Geri Cofone Jeter

Families Are What You Make Them

 
     
 
     
 
 “And in the end, the love you take is equal to the love you make.”

                   — “The End,” Lennon/McCartney 

A long time ago in a suburb far, far away, our small family began its Christmas Eve tradition.

My Italian-American father loved Christmas Eve; however, my mother, who was not Italian, preferred Christmas Day. So, they compromised with a late-night party. In our house, Christmas Eve sometimes went on so late that it ran into Christmas morning.

Early Christmas Eve, my father (who wasn’t crazy about the Italian tradition of eating fish at the holiday) would go to the Kosher-style deli and pick up the cold cuts and salads. Then, we would all have a light dinner, usually soup, and get dressed up for Christmas Eve services. After church, we then came home and had a feast. We would watch the midnight Mass from the Vatican, after which, the kids would go to bed. My mother, though, would stay up most of the night wrapping gifts.

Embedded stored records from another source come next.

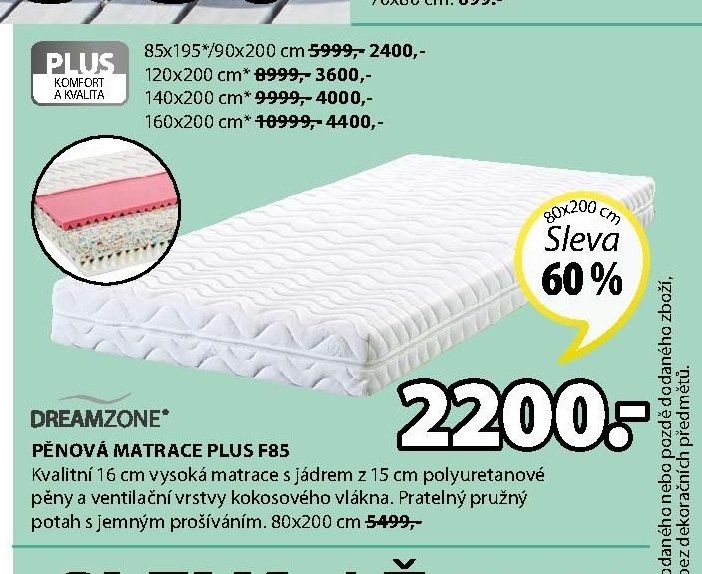 Pěnová matrace PLUS F85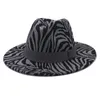 Zebra stripe Jazz Cap Donna Uomo Cappelli a tesa larga Cappello formale Uomo Cappello Panama Donna Feltro Cappellino Fedora uomo Trilby invernale Accessori moda NOVITÀ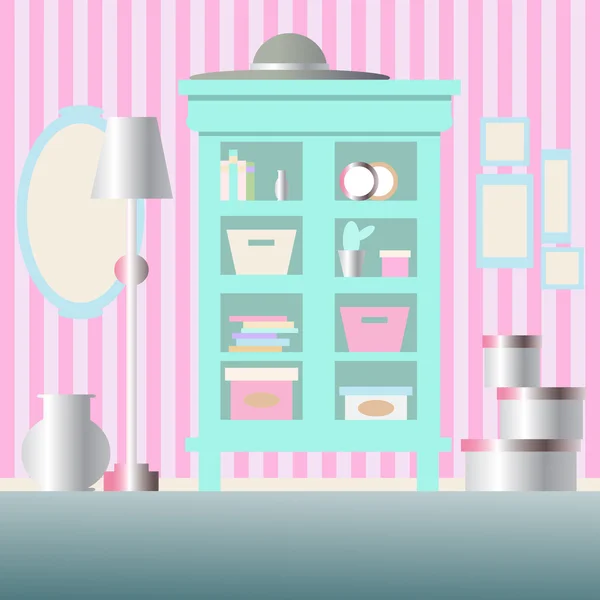 Cupboard, mirror, lamp, vase and boxes in room. — ストックベクタ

Sometimes it was just the four of us — mom, dad, sister, and me. Other years, friends and other family members dropped by — and this was the most fun. And after I moved from the family home, we added tree decoration to the late-night festivities. 

The Tradition Evolved

Sadly, when I was twenty-three, my father died six weeks before Christmas. That year, as could be expected, the holiday was a bit subdued.  But, we still went for the cold cuts, and we still went to church. Late that night, a special family friend came over and put the tree in its holder and sorted out the lights — all things my father had done. (He also brought a large bottle of something alcoholic, which that year was incredibly welcome.) I will never forget his presence that year and his extraordinary kindness.

Over time, the guest list expanded to include a wide variety of family and friends. In fact, the party grew so large, and the preparations so elaborate, that church attendance was pushed over to Christmas Day. People would go to their family Christmas Eve parties and then come to our house after to eat, drink, talk about the fun (and sometimes the psychodrama) from their earlier party.

We all decorated the tree, and some regulars even brought their own gifts to wrap. There were years that the living room looked like Macy’s gift wrapping department — if the department store elves were permitted to eat and drink on the job. 

What Makes a Family

Although time and distance has ended this particular tradition, it made me realize that family is not merely a matter of blood relationship. It would be wonderful if we all could live near and have close day-to-day contact with our families. But jobs, lifestyle choices, and the passage of time often causes families to shrink or separate.

The evolving family Christmas Eve party made me aware that, if you are lucky, family is not limited by your birth. This new family, one you create and choose for yourself, can blend with your birth family or stand on its own. Either way, the love you share with both your family overlaps and expands with each new person brought into your world.

So invite your dear friends to your family parties; invite your sister, cousin, or mom to mingle with your friend-family. The more the merrier!